Evidence-based practice (EBP) is an approach to solving clinical care problems by taking into account the best available evidence from valid and well-designed studies, clinicians’ experience, patient-care information, as well as patients’ values and priorities [1]. The use of EBP allows for the provision of effective and efficient care in nursing [2]. It also enhances healthcare quality, empowers nurses in clinical decision-making, and reduces variations in care and associated healthcare costs [3, 4].

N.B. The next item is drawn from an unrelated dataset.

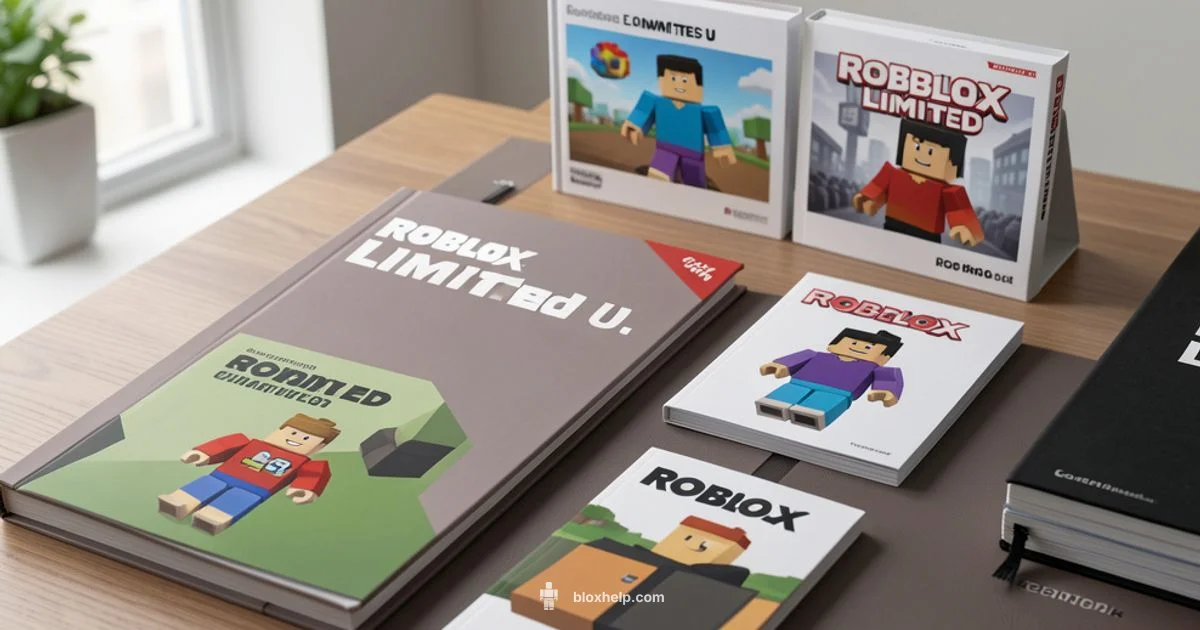 Limited U Guide - Blox Help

To apply EBP, nurses need skills beyond the necessary skills to understand scientific research evidence. Nurses also need to gain perception about their patients and the factors affecting the health care settings [2]. Patient care development is determined by competent nursing graduates who incorporate EBP with the new changes happening in health care. As a result, EBP competency is required for nursing students at the bachelor’s level of education [5]. The successful integration of EBP into clinical care is a multi-step process that begins with the formation of intention. In this regard, the intention to engage in EBP, defined as students’ motivation and psychological readiness to participate in essential steps of EBP, including evidence searching, critical appraisal, and application in clinical care. This intention is considered a key predictor of future EBP implementation and is influenced by individual factors such as attitudes and capability beliefs, as well as contextual elements like educational methods, institutional support, and access to information resources [6].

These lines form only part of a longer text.